◆ **EXERCISE**
Copy exactly every line below, from the first through the one that contains "Sky High Exotics", and skip all pictures.

◆ **WORKING DATA**
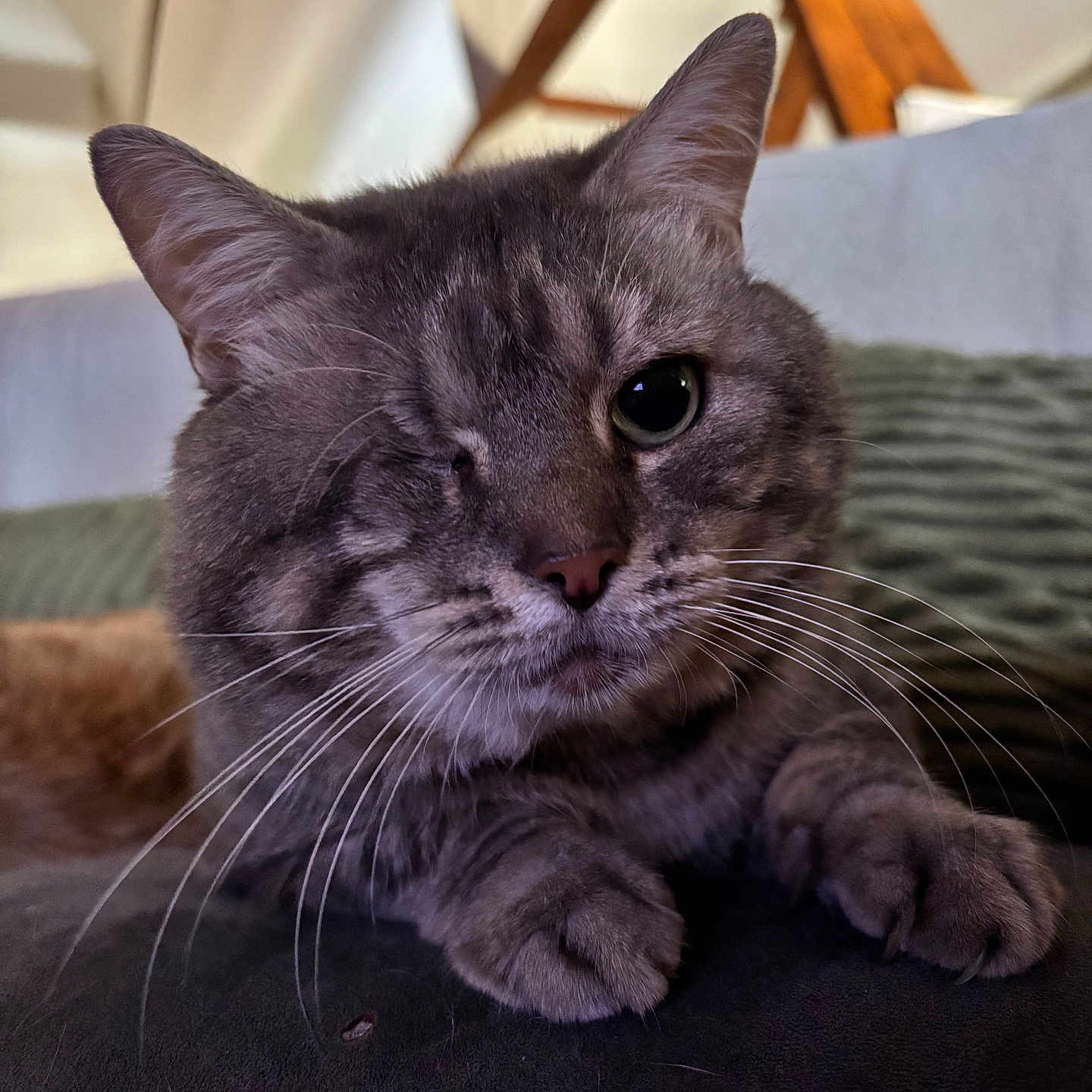 Ninou participe au concours pour gagner de l'argent avec cette photo : cat, gray_tabby, one-eyed, whiskers, ears, paws, close-up, indoor, feline, pet, resting, cozy, home, wooden_beams, soft_lighting, portrait, animal, cute, fur, relaxed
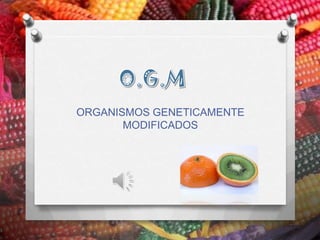 O.G.M ORGANISMOS GENETICAMENTE MODIFICADOS 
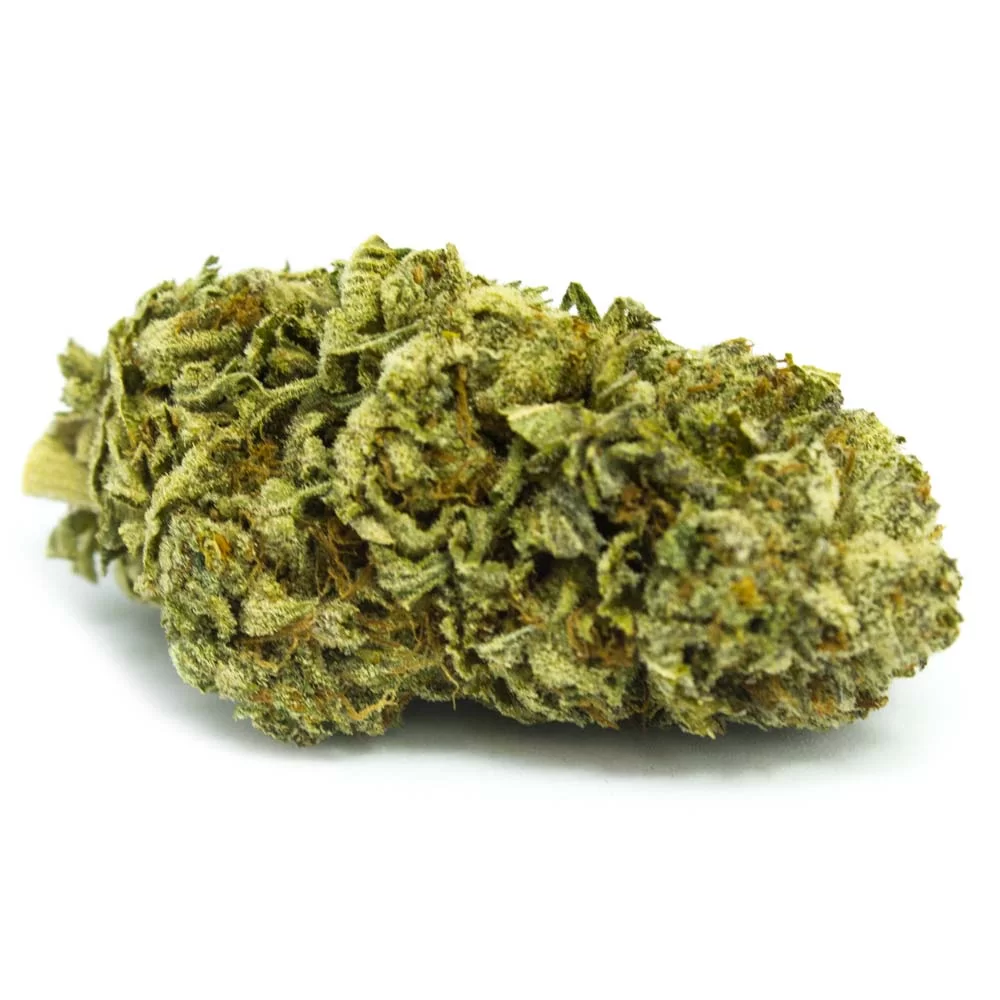 Sky High Exotics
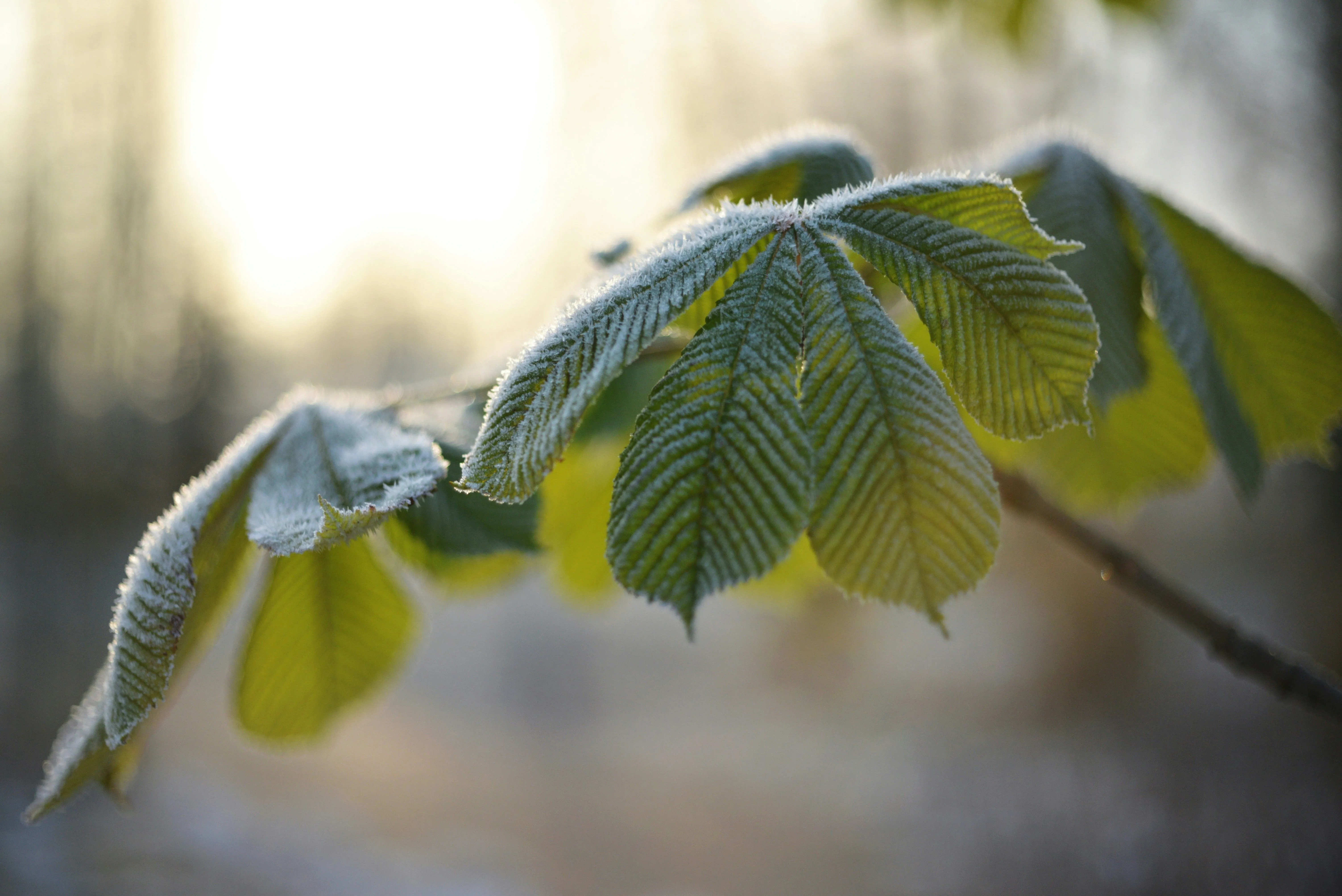 На Великдень на Київщині оголосили помаранчевий рівень небезпеки через заморозки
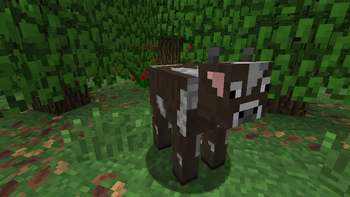 Old Cow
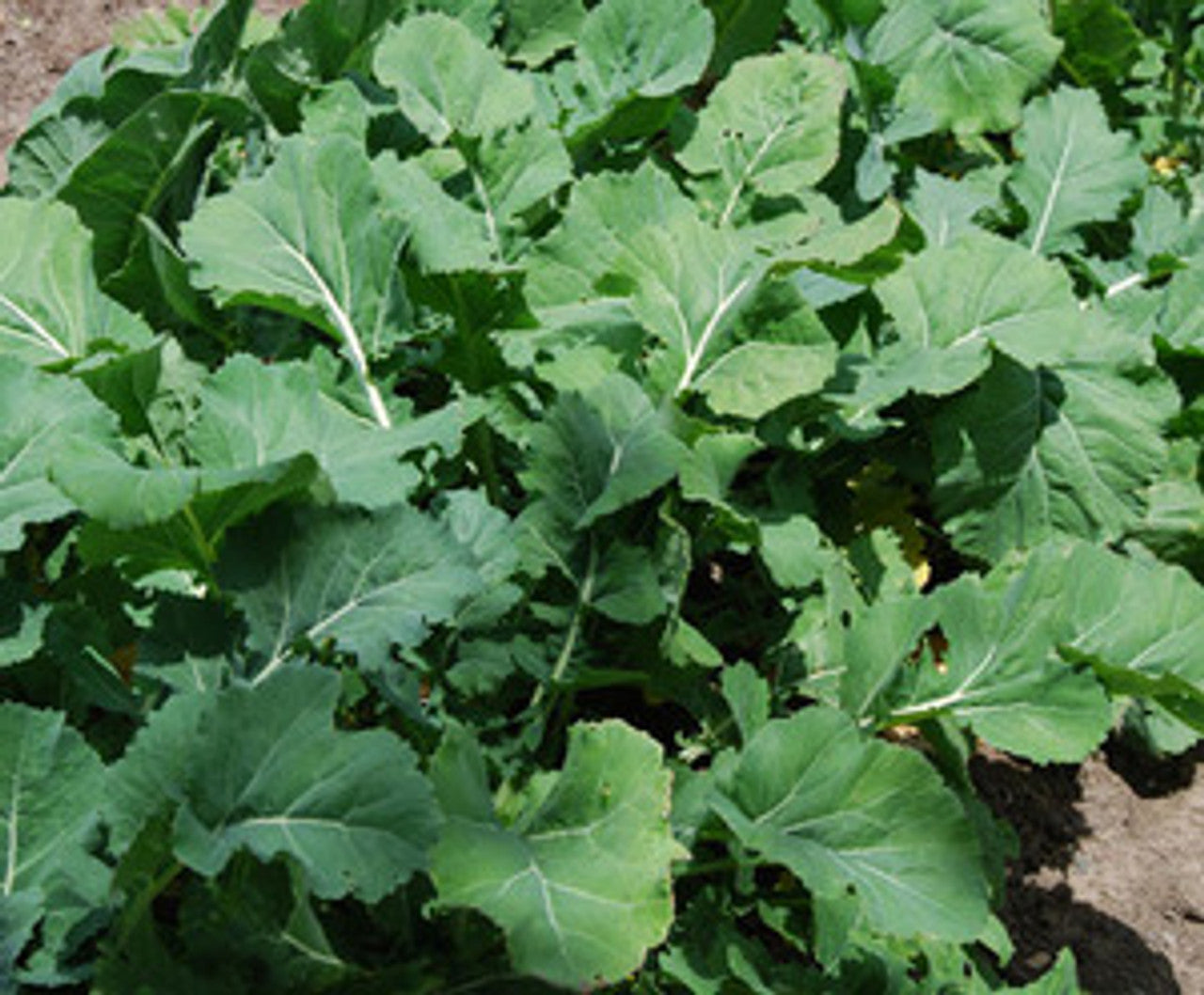 Georgia southern collard greens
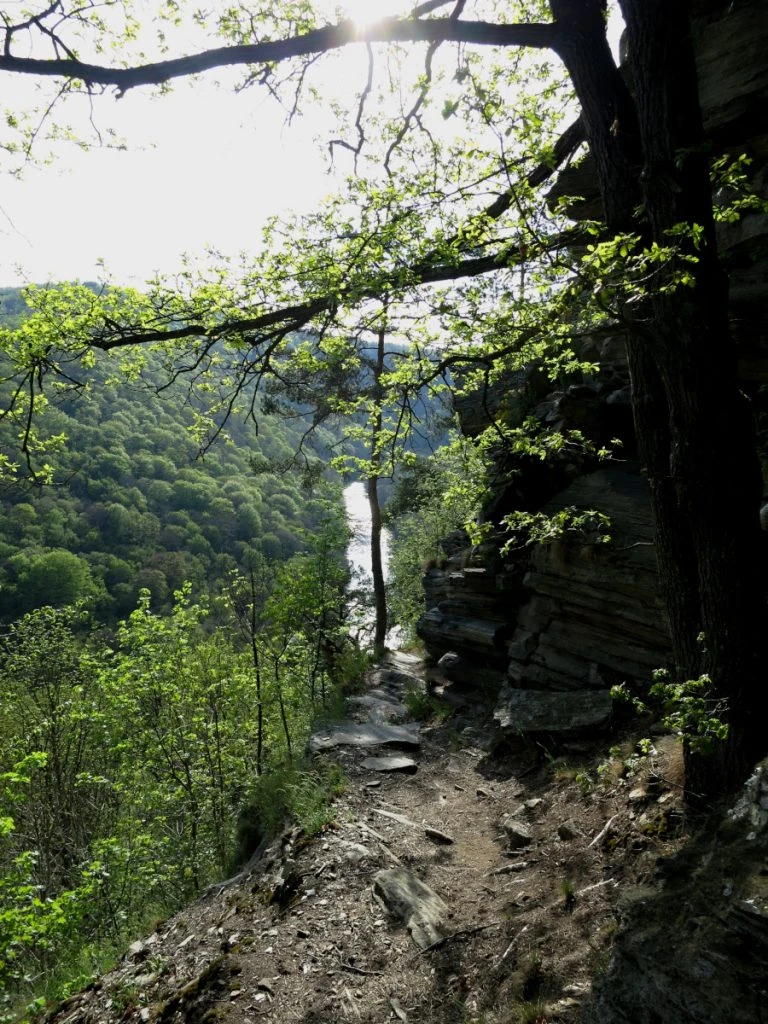 IJsgrotten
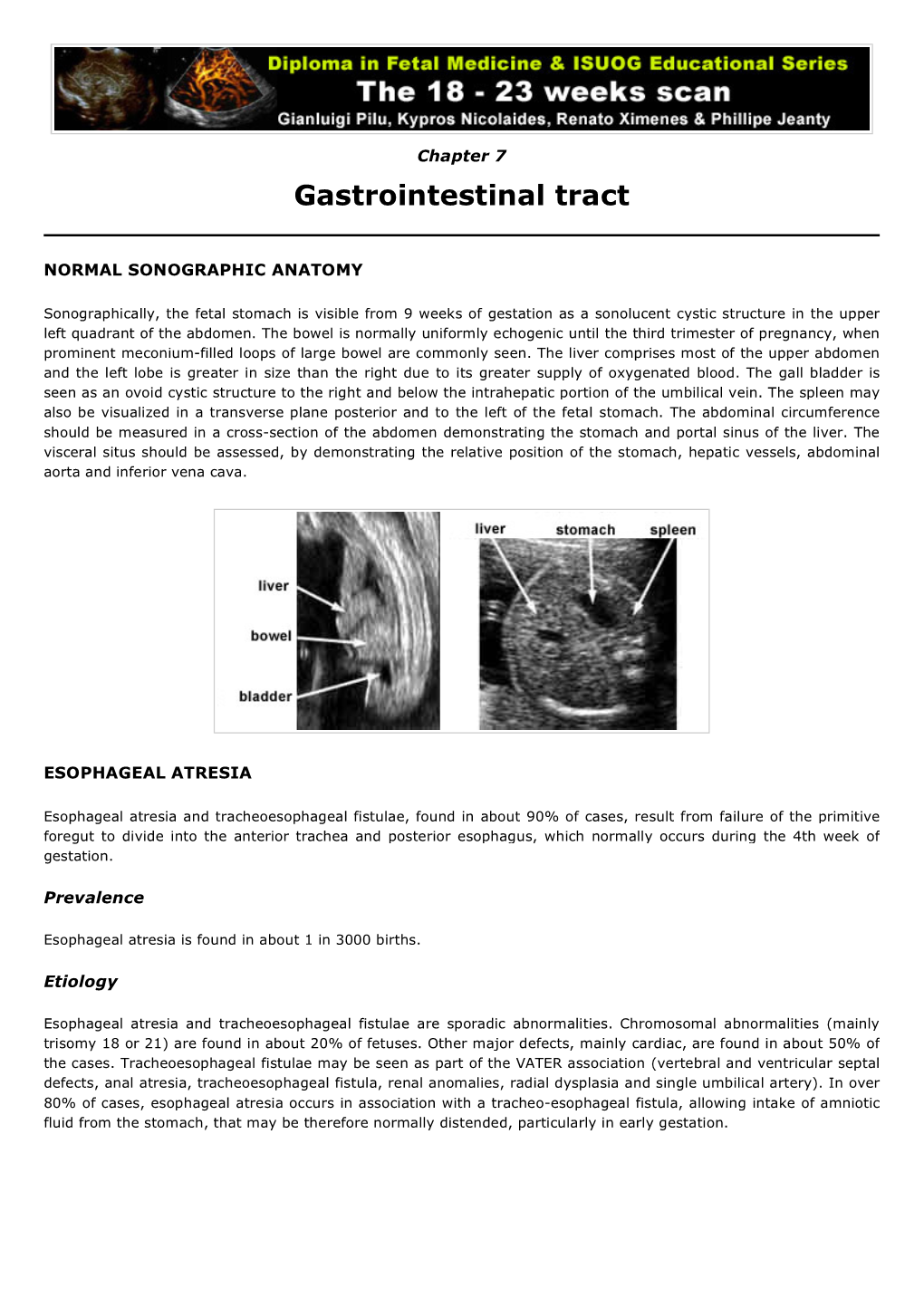 8. Gastrointestinal Tract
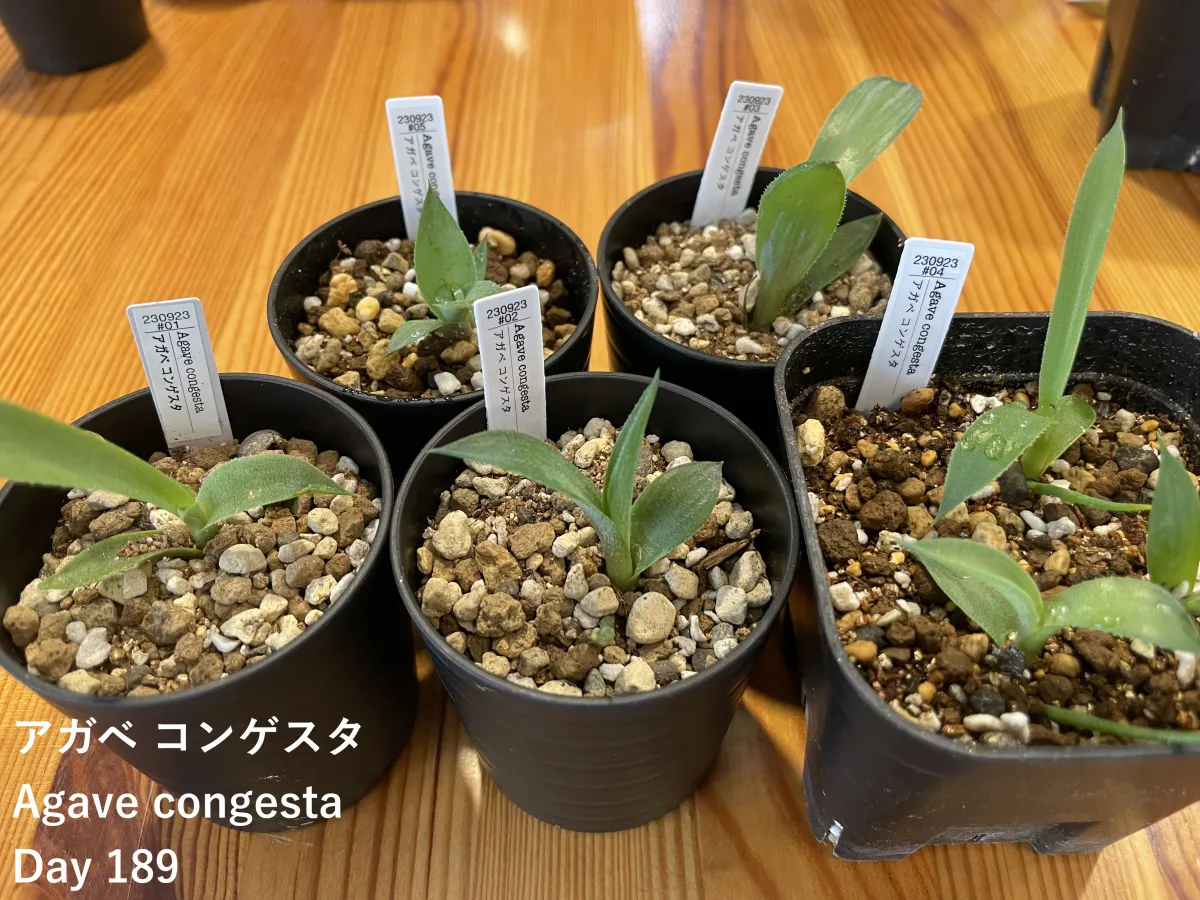 Agave congesta (アガベ コンゲスタ)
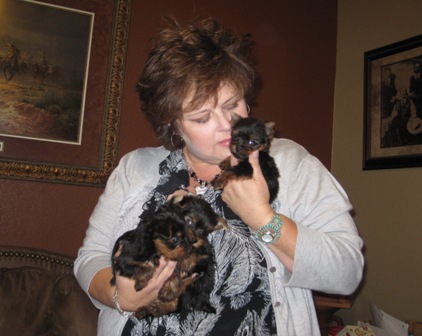 Toy yorkie hotsell puppies for sale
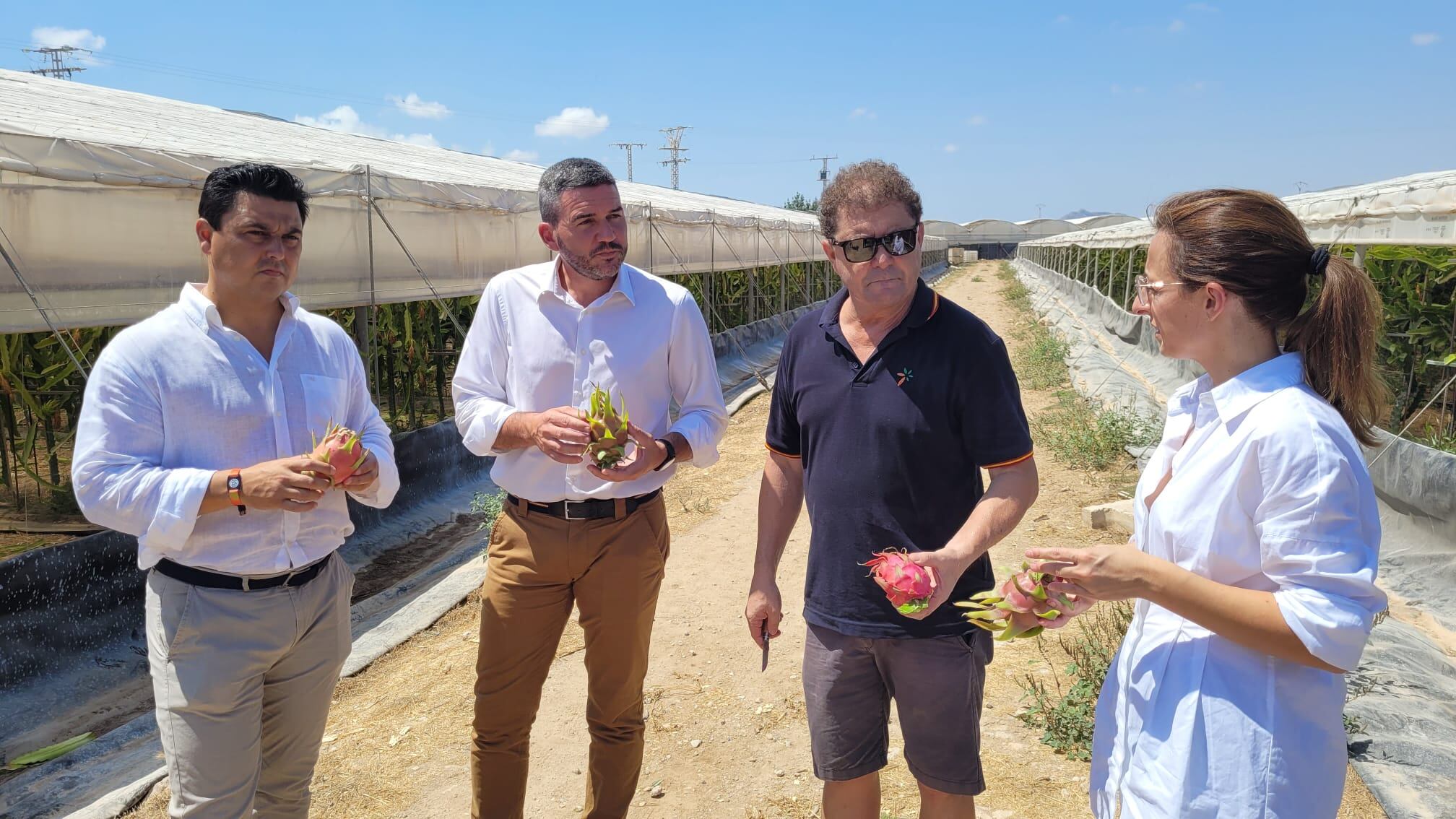El consejero de Agricultura, Antonio Luengo, visita una producción de pitaya en San Javier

◆ **RESULT**
 Ninou participe au concours pour gagner de l'argent avec cette photo : cat, gray_tabby, one-eyed, whiskers, ears, paws, close-up, indoor, feline, pet, resting, cozy, home, wooden_beams, soft_lighting, portrait, animal, cute, fur, relaxed
 O.G.M ORGANISMOS GENETICAMENTE MODIFICADOS 
 Sky High Exotics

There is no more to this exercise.